Microsoft has long used its own rendering engine for displaying PDFs in its Edge browser, but that will change next month.
Microsoft and Adobe have announced that, in March, the Adobe Acrobat PDF engine will be embedded in Edge on Windows 10 and 11 to power its PDF viewer. Edge for MacOS will not be immediately affected, but Microsoft says that the change is coming “in the future”.
Only organizations with managed devices will have the option to opt in to the change via Intune policy – for now. For everyone else, the update will be automatic and irreversible. And the legacy PDF engine will be removed from Edge in March 2024, according to the announcement.
In a blog post, Microsoft noted, “the built-in Microsoft Edge PDF solution will continue to be free. Users who want more advanced digital document features, such as the ability to edit text and images, convert PDFs to other file formats, and combine files, can purchase an Acrobat subscription that enables access to these advanced features inside Microsoft Edge via an extension. Those with an existing Adobe Acrobat subscription can use the Acrobat extension inside Microsoft Edge at no extra cost.”

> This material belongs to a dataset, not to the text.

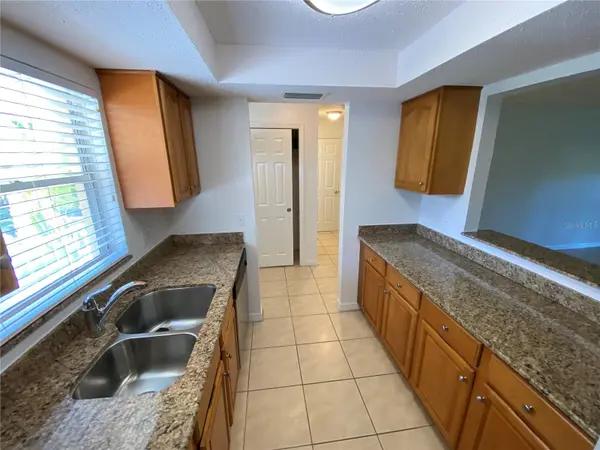 972 LA COSTA CIR #8, Sarasota, FL 34237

The announcement also pointed out that it is “part of an ongoing Adobe and Microsoft initiative that is transforming digital work and life by bringing Adobe’s industry-leading PDF, e-signature and document automation tools directly to Microsoft users. This PDF experience in Microsoft Edge joins an already comprehensive set of Adobe PDF and e-sign integrations across Microsoft solutions, including Microsoft 365, Microsoft Teams, SharePoint and others.”